Слабость центральной власти и ее силовых структур усугубляется затяжным экономическим кризисом, когда Кабул продолжает ориентироваться прежде всего на массированную внешнюю помощь, а основой экономики страны остаются выращивание и нелегальное распространение наркотиков. Независимые эксперты уже давно признают также, что вооруженные силы ИРА, хотя экипированы и оснащены значительно лучше талибов, тем не менее не способны нанести им фатального ущерба1. В связи с этим крайне чувствительным остается вопрос о внутренней мотивации солдат и офицеров Афганской национальной армии, в рядах которой сохраняется весьма низкий моральный дух и очень актуальна проблема дезертирства.

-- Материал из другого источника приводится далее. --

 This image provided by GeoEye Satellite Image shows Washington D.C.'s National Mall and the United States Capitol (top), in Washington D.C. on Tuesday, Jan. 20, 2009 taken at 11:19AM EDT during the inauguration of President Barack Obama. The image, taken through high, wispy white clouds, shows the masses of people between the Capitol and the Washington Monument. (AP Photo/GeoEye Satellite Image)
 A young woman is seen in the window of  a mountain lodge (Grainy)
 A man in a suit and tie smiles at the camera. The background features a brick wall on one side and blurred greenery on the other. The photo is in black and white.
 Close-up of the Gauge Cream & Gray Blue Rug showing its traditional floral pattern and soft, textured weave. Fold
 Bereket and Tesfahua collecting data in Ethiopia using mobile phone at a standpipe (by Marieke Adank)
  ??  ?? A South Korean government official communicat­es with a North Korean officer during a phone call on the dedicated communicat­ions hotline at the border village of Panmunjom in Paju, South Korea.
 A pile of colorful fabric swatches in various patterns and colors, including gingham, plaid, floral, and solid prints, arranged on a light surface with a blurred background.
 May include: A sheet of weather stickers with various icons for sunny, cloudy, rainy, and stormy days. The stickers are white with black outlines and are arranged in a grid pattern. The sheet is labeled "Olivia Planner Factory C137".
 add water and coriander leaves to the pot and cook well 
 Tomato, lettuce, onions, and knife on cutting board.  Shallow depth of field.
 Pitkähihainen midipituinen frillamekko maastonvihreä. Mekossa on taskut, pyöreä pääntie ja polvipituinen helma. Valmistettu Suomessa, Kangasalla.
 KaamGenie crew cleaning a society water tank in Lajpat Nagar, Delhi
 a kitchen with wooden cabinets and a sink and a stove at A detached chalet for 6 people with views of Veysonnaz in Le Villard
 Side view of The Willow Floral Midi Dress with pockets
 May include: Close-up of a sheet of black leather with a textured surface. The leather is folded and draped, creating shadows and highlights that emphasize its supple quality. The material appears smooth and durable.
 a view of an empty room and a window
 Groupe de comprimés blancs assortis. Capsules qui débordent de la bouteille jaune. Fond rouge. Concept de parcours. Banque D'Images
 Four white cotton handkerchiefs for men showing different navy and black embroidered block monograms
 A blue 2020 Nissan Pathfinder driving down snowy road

При любом перспективном развитии ситуации в стране - от сохранения нынешней власти без изменений до перехода правления в руки религиозно-консервативных и экстремистских кругов - разрешение комплекса всех этих проблем возможно только на основе прочного консенсуса среди многочисленных традиционных  и зарождающихся новых элит страны, включая региональных авторитетов и разномастную вооруженную оппозицию. Вопрос будет заключаться только в том, как достичь такого консенсуса. Сохранение общей неопределенности в ИРА, фактор традиционной взаимной настороженности, враждебности и недоверия среди местных элит (к какому бы политическому полюсу они ни принадлежали), перманентная война всех против всех будут только усугублять ситуацию.

Талибы, вдохновленные выводом из ИРА основного контингента иностранных войск, стремились всемерно укрепить свои позиции в стране, чтó им в значительной степени удалось. При этом их характерной особенностью в настоящее время является межэтническая, а не преимущественно ориентированная на пуштунов структура, как это было в период пребывания у власти во второй половине 1990-х годов и в первые годы после отстранения от нее2. Это дает им возможность активно закрепляться не только в традиционных для их влияния восточных и юго-восточных, но и в северных, а также северо-западных районах Афганистана. По некоторым оценкам экспертов ООН, присутствие талибов наблюдается почти на 70% территории ИРА.

Одной из главных задач, поставленных перед Правительством национального единства, было начало переговоров с талибами. Энергичное внешнеполитическое маневрирование новой власти, в том числе в части налаживания диалога с Исламабадом, привело к проведению под эгидой Китая и Пакистана (при поддержке США) двух раундов переговоров, которые вновь зашли в тупик в результате неготовности сторон отступить от своих предварительных требований (Кабул настаивает на том, чтобы талибы уважали Конституцию страны и сложили оружие, а те, в свою очередь, требуют вывода иностранных войск, освобождения своих заключенных и ликвидацию их санкционного списка ООН).

На очередной международной конференции «Сердце Азии» (т. н. Стамбульский процесс) в декабре 2015 года в Исламабаде Президент А.Гани вновь подтвердил готовность к диалогу с талибами с целью выработки общих мер по стабилизации в Афганистане. Для усиления внешнего давления на стороны (судя по всему, прежде всего на Кабул) трехсторонний консультативный механизм (Пакистан, США, Афганистан) по инициативе Исламабада был расширен за счет КНР. В его задачу входит выработка формулы, приемлемой для возобновления межафганского диалога.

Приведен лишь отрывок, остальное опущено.